→ **What is expected**
In the records below, find the line containing "creatine-monohydrate-micronized-powder-1-61-blsxt41L.jpg" and the line containing "Retro Winter 01"; please repeat exactly the lines from one to the other, both included, and nothing more.

→ **The data**
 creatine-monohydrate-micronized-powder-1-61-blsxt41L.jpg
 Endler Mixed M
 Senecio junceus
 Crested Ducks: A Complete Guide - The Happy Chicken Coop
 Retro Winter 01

* * *

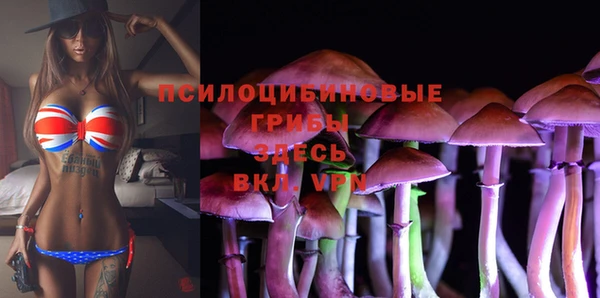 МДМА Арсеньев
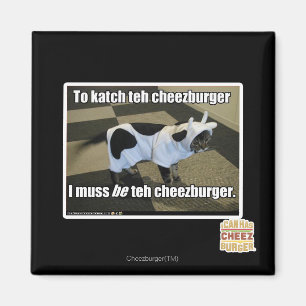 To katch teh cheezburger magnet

→ **Reply**
 creatine-monohydrate-micronized-powder-1-61-blsxt41L.jpg
 Endler Mixed M
 Senecio junceus
 Crested Ducks: A Complete Guide - The Happy Chicken Coop
 Retro Winter 01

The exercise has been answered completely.